It’s just data

HTML charset vs XML encoding

Dare Obasanjo: Mark Pilgrim has a post entitled Determining the character encoding of a feed where he does good job of sumarizing what the various specs say about determining the character encoding of an XML document retrieved on the World Wide Web via HTTP. The only problem with his post is that although it is a fairly accurate description of what the specs say it definitely does not reflect reality.

OK, so given this, what should a feedvalidator do?  Should it follow the specifications?  Should it follow Dare's recommendations?  Should it issue a warning if the specifications and Dare's recommendations differ for a given feed?


I hate to be pedantic, but it's called a feedvalidator for a reason.  Validity is determined within a frame of reference, i.e., with reference to the spec(s).  The specs Mark cites are relevant for character encoding, therefore they determine if a document is valid (with respect to character encoding). Or as my kids are tired of hearing me say, "If it's not right, it's wrong."

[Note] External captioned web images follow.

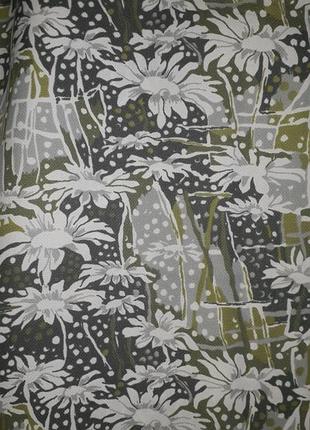 Ромашка  відріз тканини 7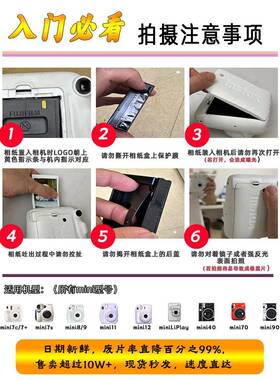 n拍立得白边mii相纸7/7s/+/8/9/17011/12mini系列/2/5/40/90通用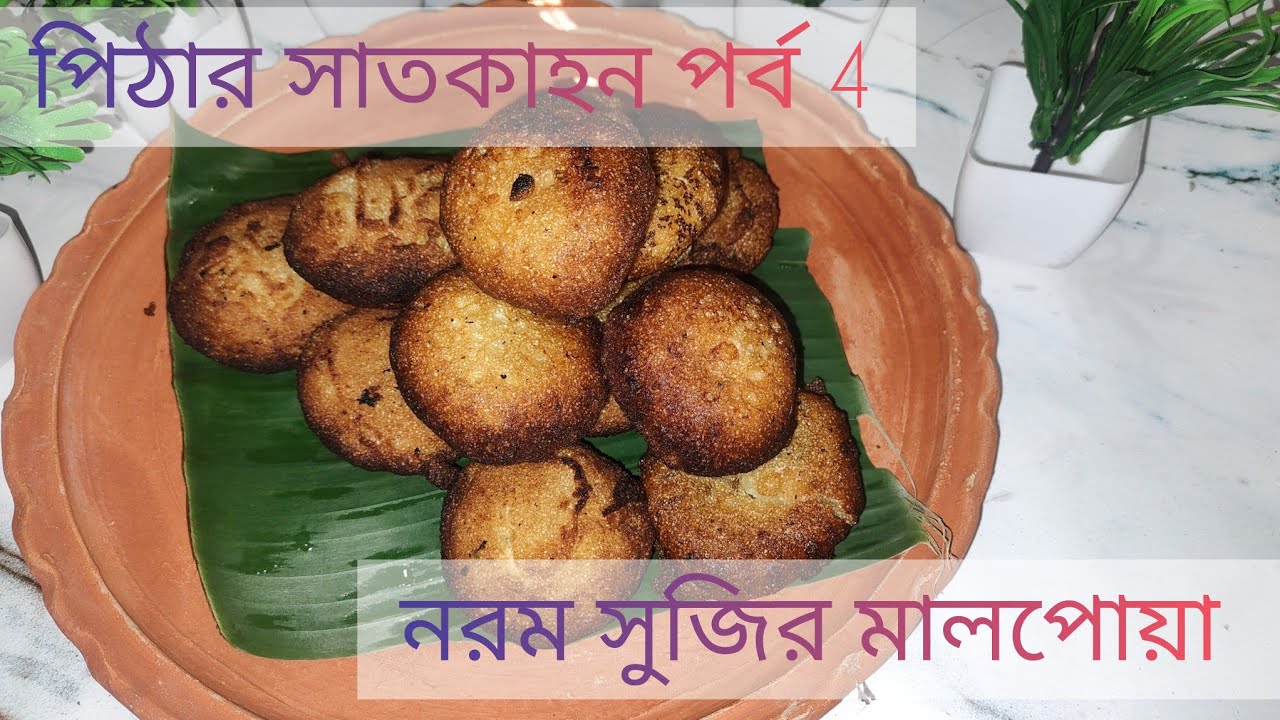 সুজির মালপোয়া তৈরির নিখুঁত পদ্ধতি | প্রত্যেকটি বলের মতো ফুলবে! | Malpua recipe.Pithar Satkahon Ep. 4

Taken from another angle, Dare's premise is that because most (web server) software does not support the spec, neither should other software:

The moral of this story is if you are writing an application that consumes XML using HTTP you should use the following rule of thumb for the forseeable [sic] future....

The rule of thumb cited is (paraphrasing, and emphasis mine) to treat text/?xml? mime-types as though they were application/?xml? mime-types, instead of following the specs.  There's a clue, however, in the phrase, "for the foreseeable future".  Which is more likely to occur in the future... the spec will change, or more software will be written/patched to conform to the spec?

Posted by Jason Clark at

Hi,

I believe the author of the XML MIME RFC and the W3C Technical Architecture Group (TAG) have recently discussed this problem and decided to fix RFC3023.

See for instance: TAG mailing list discussion from 2003-10-30.

Julian

Posted by Julian Reschke at

RE: HTML charset vs XML encoding

Julian brings up a point I forgot to mention in my post, many would argue that it is RFC 3023 that is broken. There is also the fact that to actually implement RFC 3023 you have to use an XML parser that gives you the option of overriding the encoding declared by in the XML document and using us-ascii. I'm not even sure there are XML processors around that allow you to do this.

I was planning whether it was even possible to do this with the popular XML parsers for various platforms in a follow up blog post.

Message from Dare Obasanjo at


RE: HTML charset vs XML encoding

Sam,
I'd vote that the validator follow the specs. If it doesn't then there's no way to know that what they do is wrong since the validator will be the primary way people determine whether their feeds are OK or not.

Message from Dare Obasanjo

at

Dare, anything is possible once you realize that the XML parser is a component of the system, and not THE system.  I remember a case dealing with BOM's and SOAP interop with Microsoft where the only solution I could come up with was to intercept and filter the stream of bytes that flowed into the parser as Xerces doesn't support BOMs.  The definition of the XML prolog seems to have been explicitly designed in a way that would make creation of something that read to the end of that one declaration, computed the correct information, and then inserted the rest into the stream would be possible.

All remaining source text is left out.